======== Input data

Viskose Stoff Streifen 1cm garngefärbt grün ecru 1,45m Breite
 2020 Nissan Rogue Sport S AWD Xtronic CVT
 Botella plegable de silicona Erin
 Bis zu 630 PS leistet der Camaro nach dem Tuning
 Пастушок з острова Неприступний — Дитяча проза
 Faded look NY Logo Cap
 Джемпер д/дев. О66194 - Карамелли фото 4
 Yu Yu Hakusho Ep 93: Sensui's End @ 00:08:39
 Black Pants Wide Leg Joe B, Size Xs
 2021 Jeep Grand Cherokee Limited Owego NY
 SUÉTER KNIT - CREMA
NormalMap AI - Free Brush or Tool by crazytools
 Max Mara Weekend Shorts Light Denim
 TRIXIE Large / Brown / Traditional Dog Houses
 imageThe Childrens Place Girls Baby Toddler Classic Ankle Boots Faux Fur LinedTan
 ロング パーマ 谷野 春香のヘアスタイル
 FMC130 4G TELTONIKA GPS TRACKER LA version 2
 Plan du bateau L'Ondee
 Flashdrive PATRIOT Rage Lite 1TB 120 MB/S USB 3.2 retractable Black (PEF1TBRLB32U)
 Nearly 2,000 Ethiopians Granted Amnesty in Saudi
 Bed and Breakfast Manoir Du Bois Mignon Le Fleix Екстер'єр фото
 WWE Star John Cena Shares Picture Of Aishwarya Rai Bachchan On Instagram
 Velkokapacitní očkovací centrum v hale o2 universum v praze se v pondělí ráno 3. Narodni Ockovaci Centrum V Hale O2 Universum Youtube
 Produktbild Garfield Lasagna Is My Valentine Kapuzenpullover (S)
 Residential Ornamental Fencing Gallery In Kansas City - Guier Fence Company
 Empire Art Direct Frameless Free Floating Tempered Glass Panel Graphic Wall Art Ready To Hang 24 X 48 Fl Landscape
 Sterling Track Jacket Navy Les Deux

================

Produce an exact copy of the entries above.

» **Response to the exercise**:
Viskose Stoff Streifen 1cm garngefärbt grün ecru 1,45m Breite
 2020 Nissan Rogue Sport S AWD Xtronic CVT
 Botella plegable de silicona Erin
 Bis zu 630 PS leistet der Camaro nach dem Tuning
 Пастушок з острова Неприступний — Дитяча проза
 Faded look NY Logo Cap
 Джемпер д/дев. О66194 - Карамелли фото 4
 Yu Yu Hakusho Ep 93: Sensui's End @ 00:08:39
 Black Pants Wide Leg Joe B, Size Xs
 2021 Jeep Grand Cherokee Limited Owego NY
 SUÉTER KNIT - CREMA
NormalMap AI - Free Brush or Tool by crazytools
 Max Mara Weekend Shorts Light Denim
 TRIXIE Large / Brown / Traditional Dog Houses
 imageThe Childrens Place Girls Baby Toddler Classic Ankle Boots Faux Fur LinedTan
 ロング パーマ 谷野 春香のヘアスタイル
 FMC130 4G TELTONIKA GPS TRACKER LA version 2
 Plan du bateau L'Ondee
 Flashdrive PATRIOT Rage Lite 1TB 120 MB/S USB 3.2 retractable Black (PEF1TBRLB32U)
 Nearly 2,000 Ethiopians Granted Amnesty in Saudi
 Bed and Breakfast Manoir Du Bois Mignon Le Fleix Екстер'єр фото
 WWE Star John Cena Shares Picture Of Aishwarya Rai Bachchan On Instagram
 Velkokapacitní očkovací centrum v hale o2 universum v praze se v pondělí ráno 3. Narodni Ockovaci Centrum V Hale O2 Universum Youtube
 Produktbild Garfield Lasagna Is My Valentine Kapuzenpullover (S)
 Residential Ornamental Fencing Gallery In Kansas City - Guier Fence Company
 Empire Art Direct Frameless Free Floating Tempered Glass Panel Graphic Wall Art Ready To Hang 24 X 48 Fl Landscape
 Sterling Track Jacket Navy Les Deux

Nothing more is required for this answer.